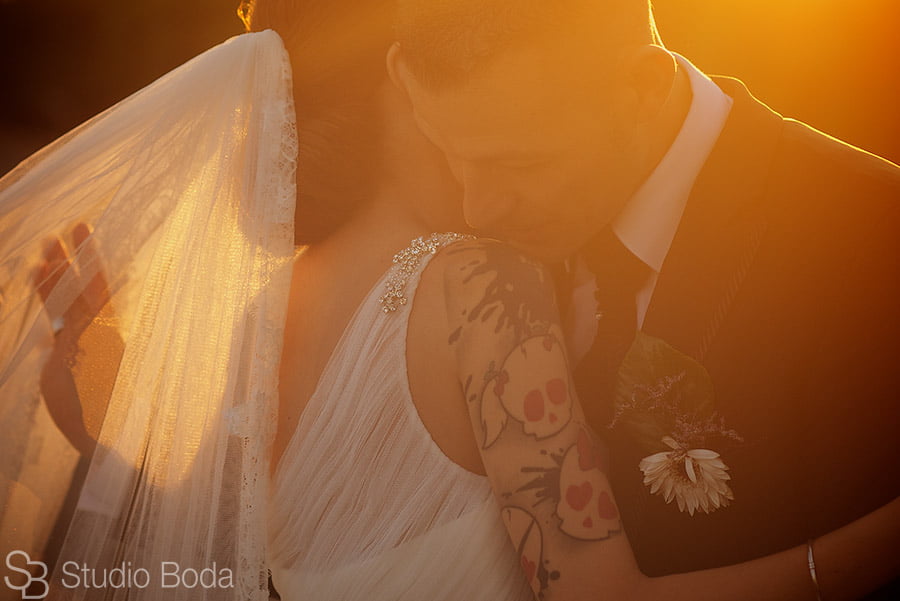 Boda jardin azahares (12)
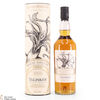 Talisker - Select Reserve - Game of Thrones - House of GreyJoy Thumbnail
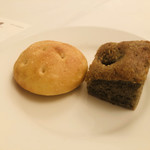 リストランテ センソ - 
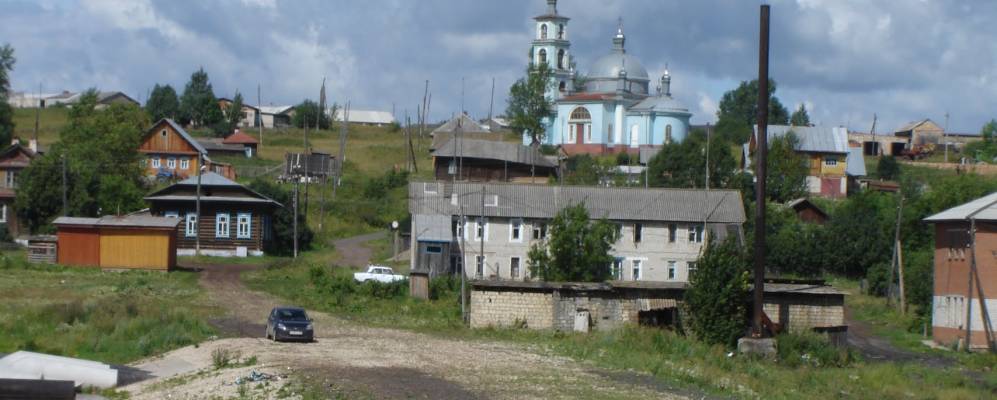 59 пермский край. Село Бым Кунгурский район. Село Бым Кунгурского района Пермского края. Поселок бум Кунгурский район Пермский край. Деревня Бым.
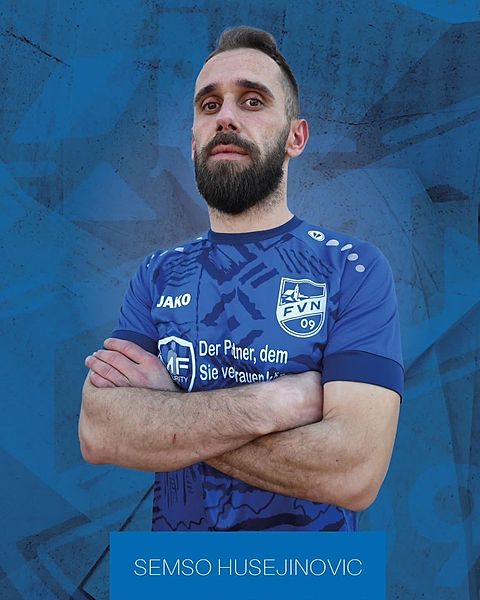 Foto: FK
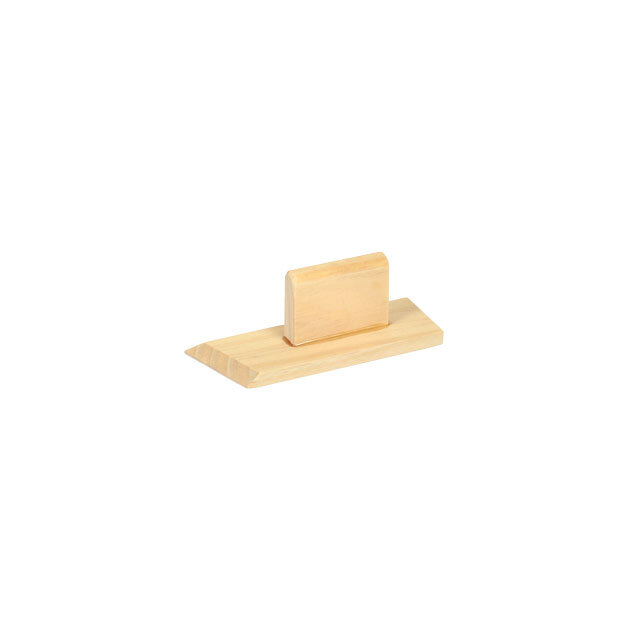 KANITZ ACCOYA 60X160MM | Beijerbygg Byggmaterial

**Work required**:
Write out the records above exactly. Pictures do not belong in the copy.

**Solution below**:
 Boda jardin azahares (12)
 Talisker - Select Reserve - Game of Thrones - House of GreyJoy Thumbnail
 リストランテ センソ - 
 59 пермский край. Село Бым Кунгурский район. Село Бым Кунгурского района Пермского края. Поселок бум Кунгурский район Пермский край. Деревня Бым.
 Foto: FK
 KANITZ ACCOYA 60X160MM | Beijerbygg Byggmaterial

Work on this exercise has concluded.